What is needed — Below are some entries. Transcribe the lines from the one holding "A limited edition" to the one holding "Las Vegas Aces", inclusive, but not the pictures among them.

Information shown —
=== Begin Enclosure ===

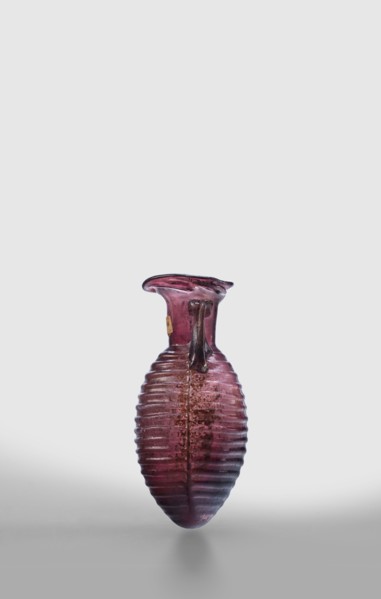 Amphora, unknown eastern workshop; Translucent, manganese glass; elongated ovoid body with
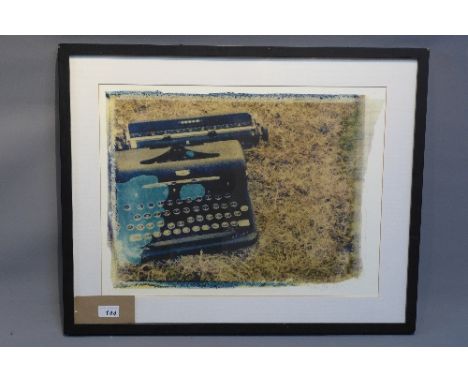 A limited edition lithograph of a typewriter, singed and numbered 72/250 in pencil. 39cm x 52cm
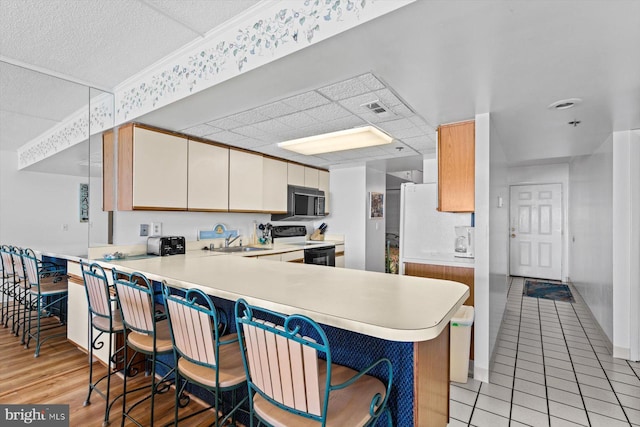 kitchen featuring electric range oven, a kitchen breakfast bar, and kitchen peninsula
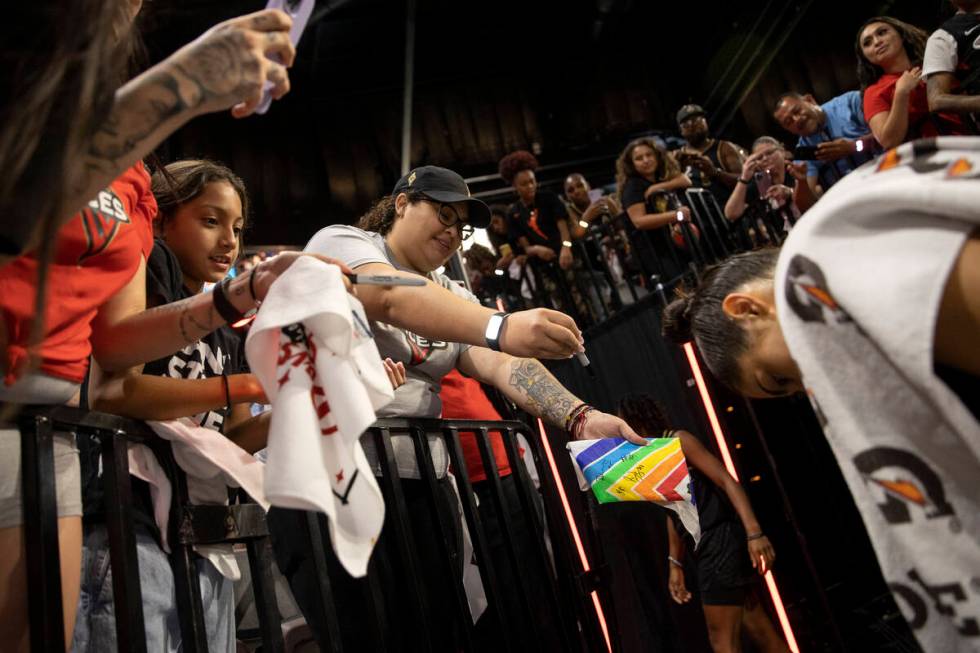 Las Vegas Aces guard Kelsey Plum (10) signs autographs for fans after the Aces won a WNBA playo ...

=== End Enclosure ===
=== Begin Enclosure ===

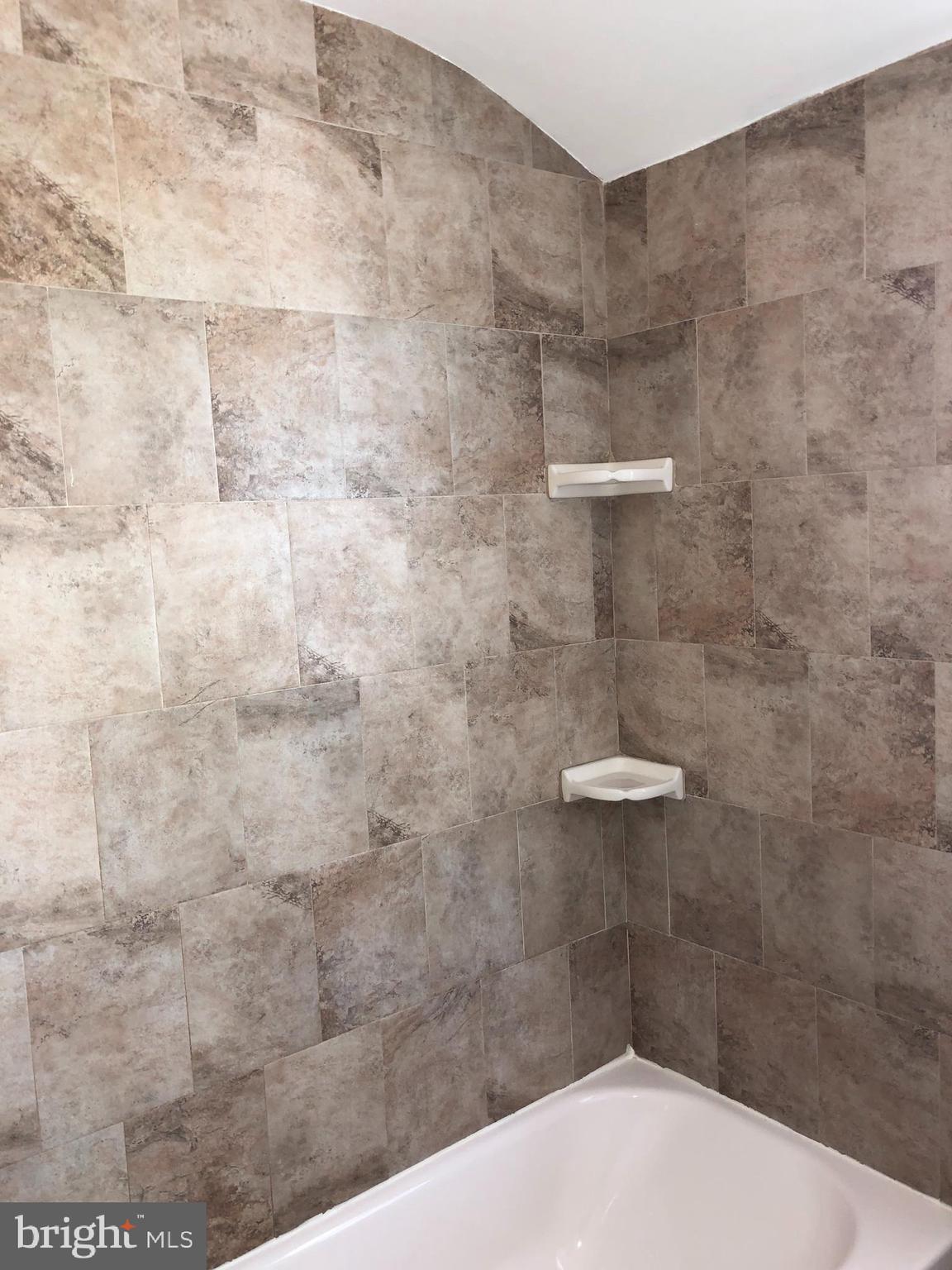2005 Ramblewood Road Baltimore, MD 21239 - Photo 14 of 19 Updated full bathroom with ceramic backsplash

=== End Enclosure ===

Task result —
 A limited edition lithograph of a typewriter, singed and numbered 72/250 in pencil. 39cm x 52cm
 kitchen featuring electric range oven, a kitchen breakfast bar, and kitchen peninsula
 Las Vegas Aces guard Kelsey Plum (10) signs autographs for fans after the Aces won a WNBA playo ...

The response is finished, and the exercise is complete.